While they all acknowledged the need for a library, they grappled with how to get children to read. Children do not read anymore, they said, but Malhotra knew better.
His initial response though, was to give money to people to help buy books and run libraries in the slums. Big mistake!
“The two or three people we had given money to, their libraries never worked because they were always giving us excuses, ‘you know children are not interested; I can’t find someone
to run a library’, and I thought, come on, I just spent Rs. 40,000 on a library and you are giving me these excuses,” says Malhotra.
He knew he could not do this on his own, and he knew the model had to be tested. What worked for a city library may not work for a government school library. For one, reading abilities were different and an English books-based library may not work. So he partnered with the Akshara Foundation, which was internally discussing the same issue: The need for libraries in government schools.

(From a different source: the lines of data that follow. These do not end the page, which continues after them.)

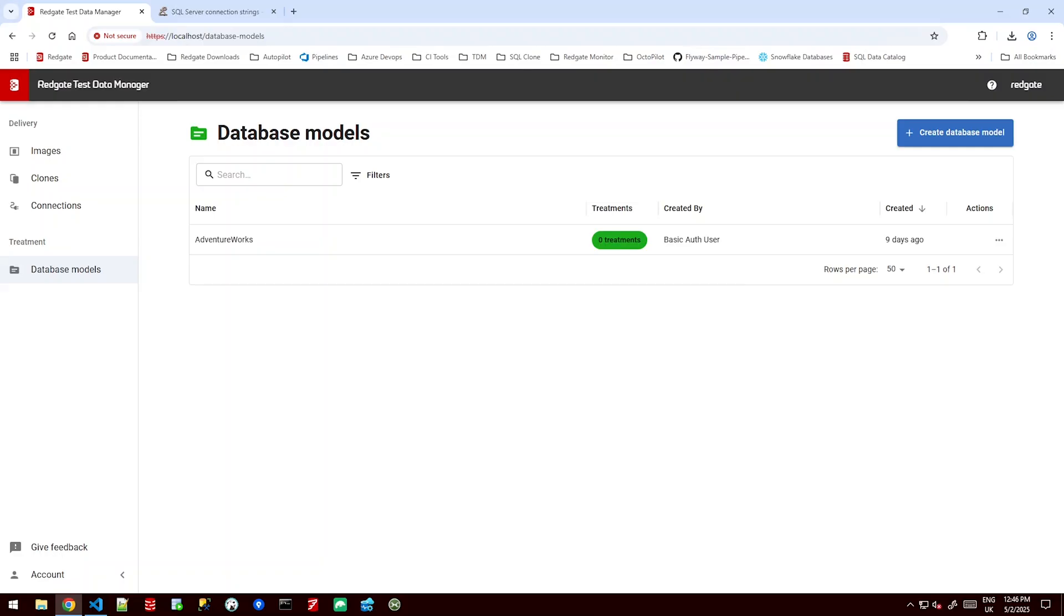Hi everybody, welcome back to this Redgate video. My name is Ryan Springett and today I'm going to be showing you through Redgate Test Data Manager Standard. In this video we'll be covering how we can build masking sets or subsetting sets or treatments for our databases to perform our test data management practices.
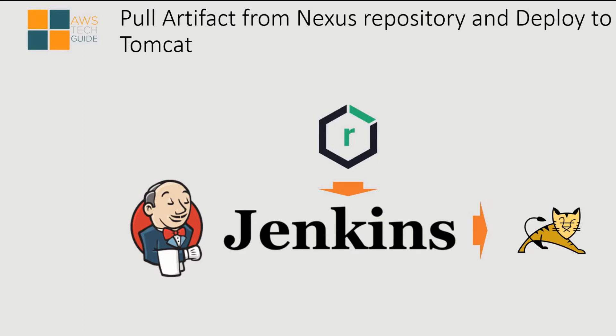Hello there, welcome to AWS Tech Guide session. Today I will show you how to pull artifact from Nexus repository to Jenkins and then deploy your artifact or WAR or EAR file into Tomcat container.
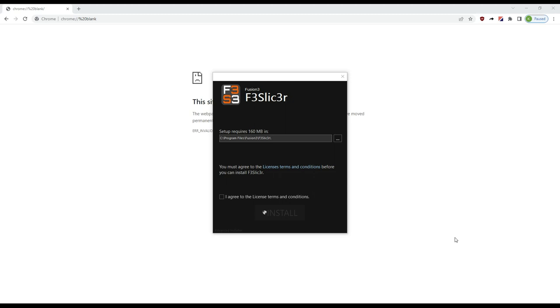Hey folks, Kate here with Fusion 3. We're going to do a quick video introducing you to F3 Slicer, which is a new slicer we've been working on for a while. We're going to walk you through installation, first run configuration, and then the basics of using it. So let's get started.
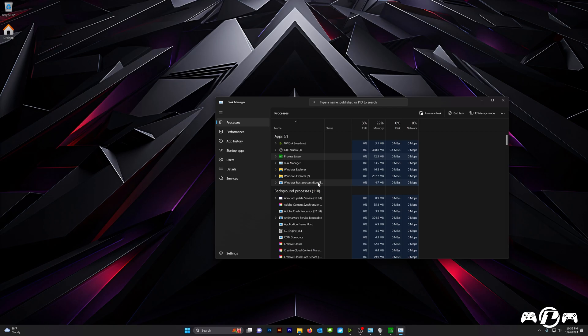So, we need a way to ensure that when the game launches, that Efficiency Mode is enabled. And unfortunately, there's no way to do that right now in Windows.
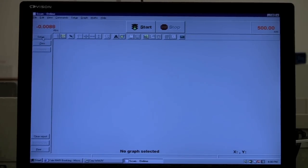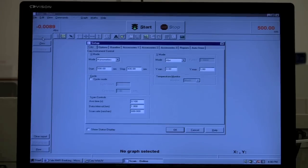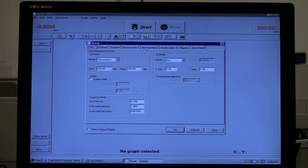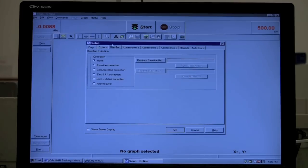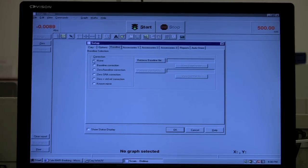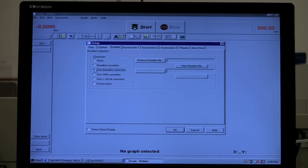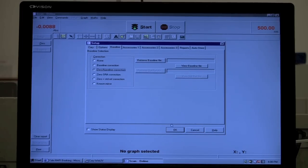So if we go to Setup, if you have some of these sampling accessories in, there may be options under Accessories here. If you want to do Baseline, go to Baseline and indicate what you want to do. So let's do, for example, zero slash baseline correction. So we'll click OK.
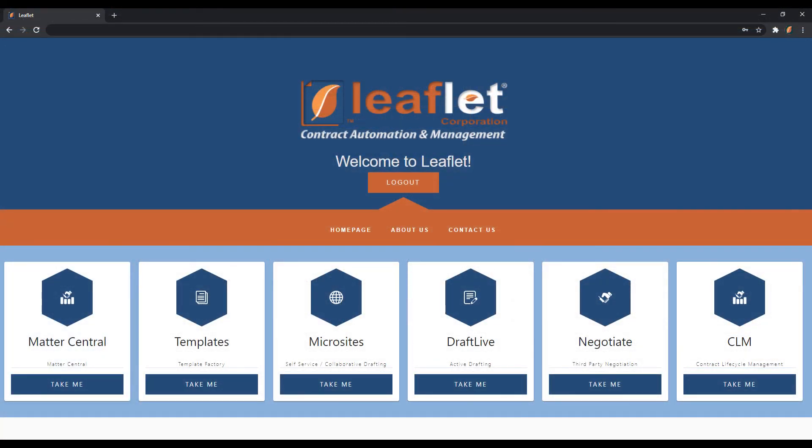This has been a brief demonstration of Leaflet's integration points with cloudimanage.com. Thank you.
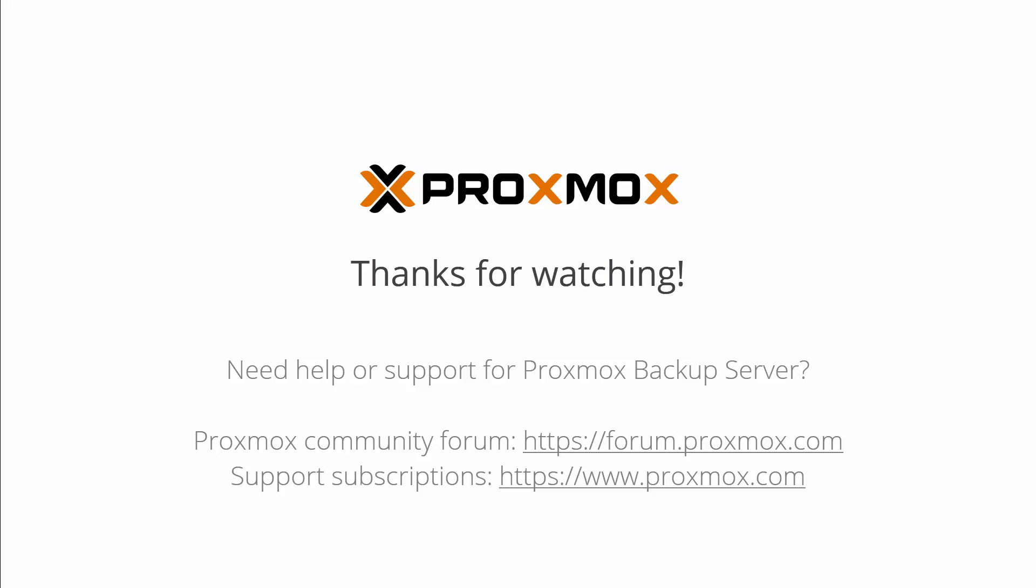If you have any questions, check out the Proxmox Community Forum for help. If you need enterprise support, go to our website for more information. Thanks for watching.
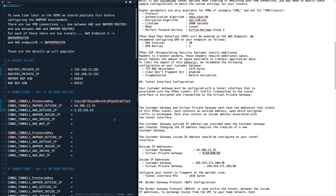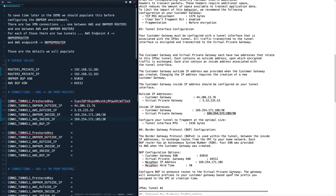Next we'll need the on-premises inside IP for connection one tunnel one. Under inside IP addresses, copy down the entire IP address including the /30 and paste that in. Directly below that is the inside IP address for the AWS side — copy that and paste it in. Then scroll down slightly and for the connection one tunnel one AWS BGP IP address, look for the neighbor IP address in the BGP configuration options. As verification, it should be the same IP address as the line above, only without the /30.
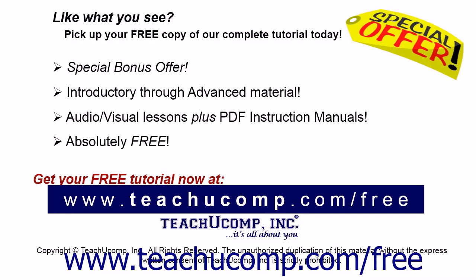Like what you see? Pick up your free copy of the complete tutorial at www.teachucomp.com/free.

In their trial-and-error testing period between 2004 and 2006, they built 52 libraries around Bangalore. And in the process, found a model that could work for government schools.
This model has three arms: Hippocampus, the parent library, runs for profit; Hippocampus Reading Foundation (HRF) focusses on government schools in cities and the rural areas; and a Book Council sorts through content from various publishers and drafts catalogues for urban poor, and rural children.
HRF sets up libraries by partnering with local NGOs, who finance and maintain these libraries. A government school teacher runs the library; children pay a membership fee of Rs. 10 per month. However, in most cases the partner NGO funds the librarian’s fee as well. “The initial cost of setting up a library is Rs. 10,000 and then per year, the cost for getting new books is approximately Rs. 3,000,” says Maitreyee Kumar, founder, Dream School Foundation, which has set up 10 libraries in partnership with HRF.
For Hippocampus, the Malhotras had gone through a list of 20,000 titles to choose 3,000 which they ordered from the US. But for HRF, they needed to localise the content. That’s where the Book Council came in. Vimala, along with her colleague, Arvinda Anantharaman had the task of organising a catalogue of books for government school children.
“For a language like English you have a library list of anywhere upwards of 20,000 titles across different genres. We would be lucky if we even had 800 Kannada story books to choose from. Right now, we only have 300 Kannada books available through various publishers,” says Vimala. So far, they have hand-picked 150 books per library across six levels.
Each level has approximately 10 to 12 books. Even so, four books in every set of 12 tend to go out of publishing at some point. This is something they constantly have to work on for the HRF programme.
The books are matched to the children’s reading levels which are graded under a colour coding system called GROW BY Reading (GBR). The acronym GROW BY stands for green, red, orange, white, blue, and yellow — green is the lowest level and yellow the highest. GBR also creates activities around the books that take the children beyond the content in the book. For example, they make animal masks based on a book they read on animals or discuss issues raised in the books.
In the urban poor areas, these libraries are already making a difference. Children’s reading levels are up between 30 and 70 percent. The partnership with Akshara Foundation has now ended, but the Foundation has set up 1,410 libraries across Karnataka based on what it learned through the initial exercise together. HRF, on its part has added 150-odd libraries to the initial 52. Its catalogue is now available for books in five languages (Kannada, Tamil, Urdu, English and Hindi). It is also trying to enlist corporates like Cisco and ArcelorMittal as sponsors.